INFORMATION GIVEN below:
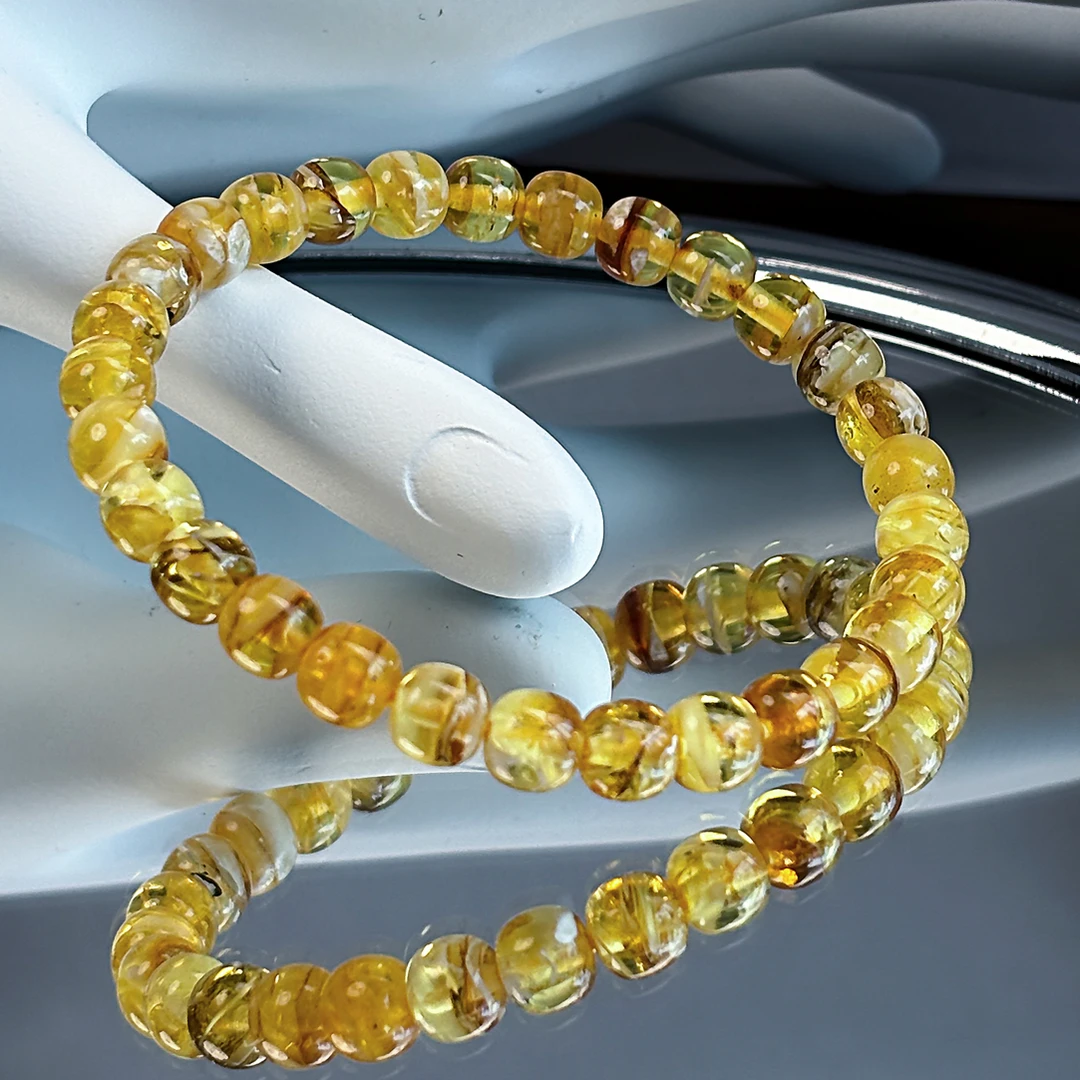 蜜蜡金底拉丝老型手串7*6.5MM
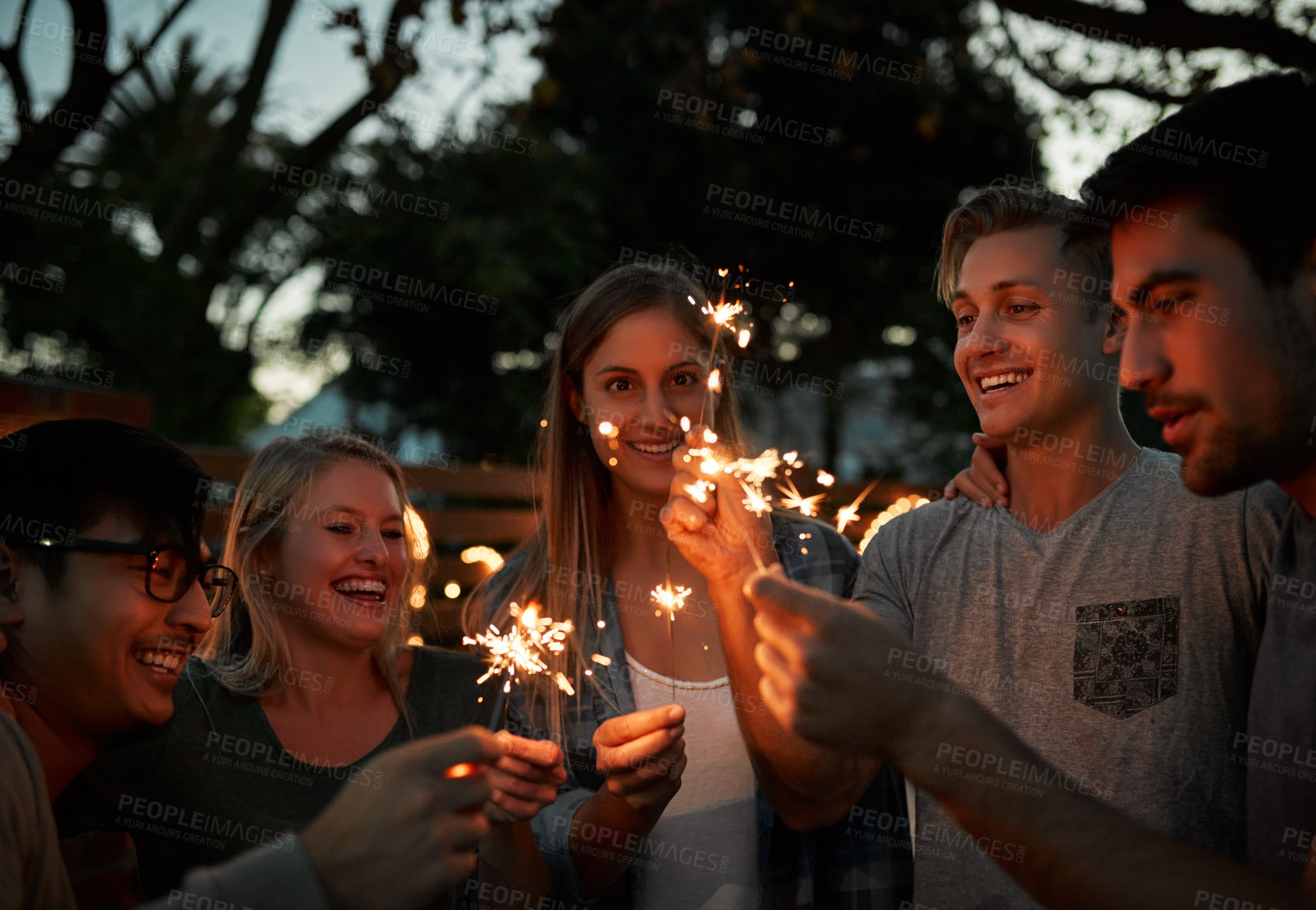 Buy stock photo Shot of a group of cheerful young friends having fun with sparklers together outside at night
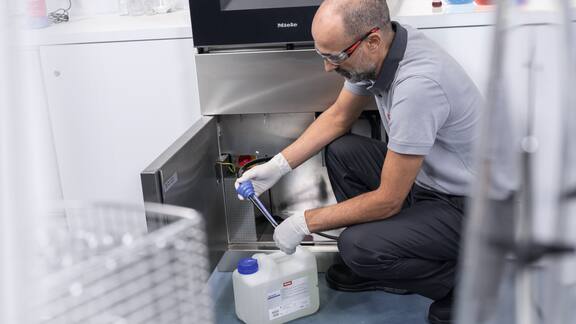 A service technician kneels in front of a laboratory washer and configures the automatic dosing of a cleaning agent.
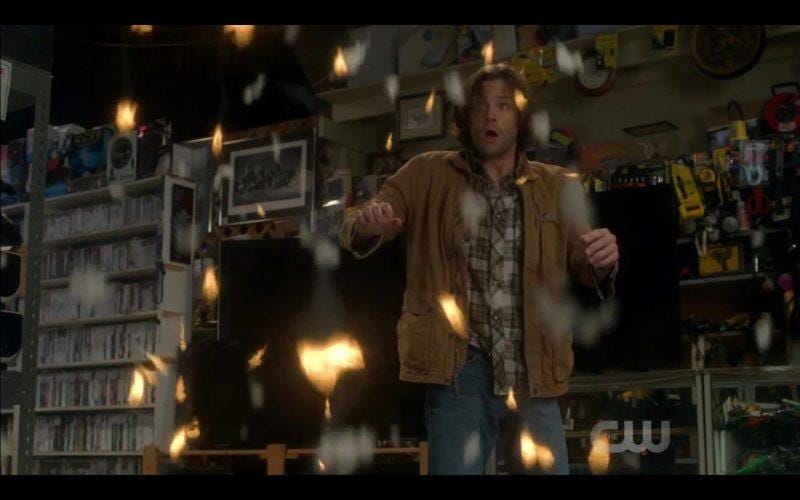 supernatural sam winchester fighting off fire in sky shop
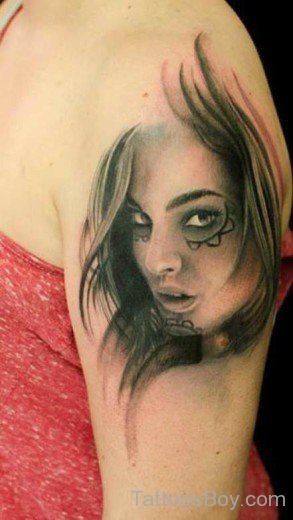 Girl Face Tattoo On Shoulder
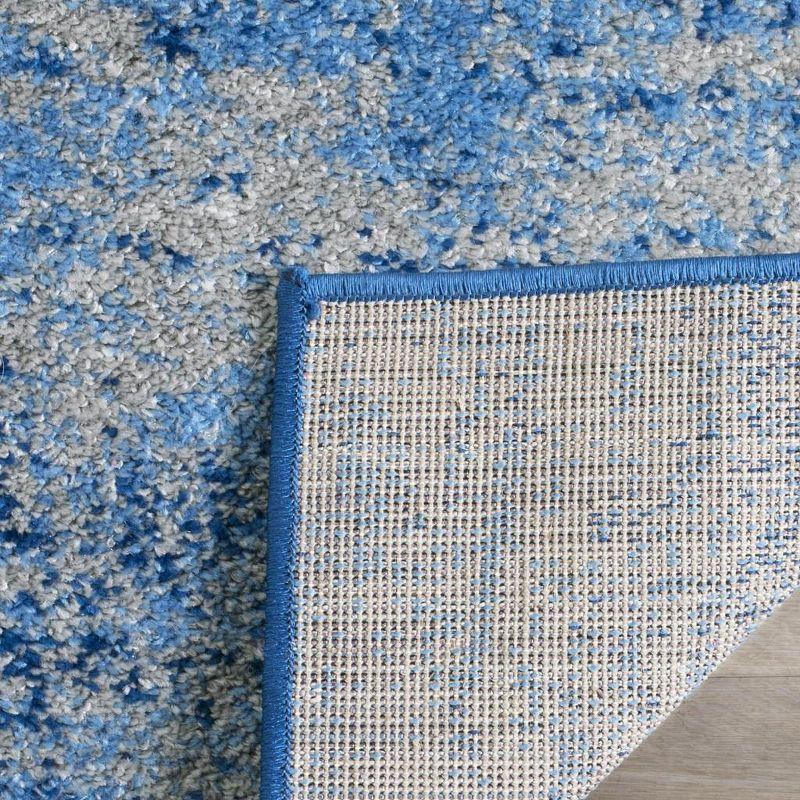 Reversible Silver and Blue Abstract Synthetic Area Rug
End of INFORMATION GIVEN.
YOUR OBJECTIVE: Set out every record exactly, images excluded.

OUTPUT FOR THIS TASK:
 蜜蜡金底拉丝老型手串7*6.5MM
 Buy stock photo Shot of a group of cheerful young friends having fun with sparklers together outside at night
 A service technician kneels in front of a laboratory washer and configures the automatic dosing of a cleaning agent.
 supernatural sam winchester fighting off fire in sky shop
 Girl Face Tattoo On Shoulder
 Reversible Silver and Blue Abstract Synthetic Area Rug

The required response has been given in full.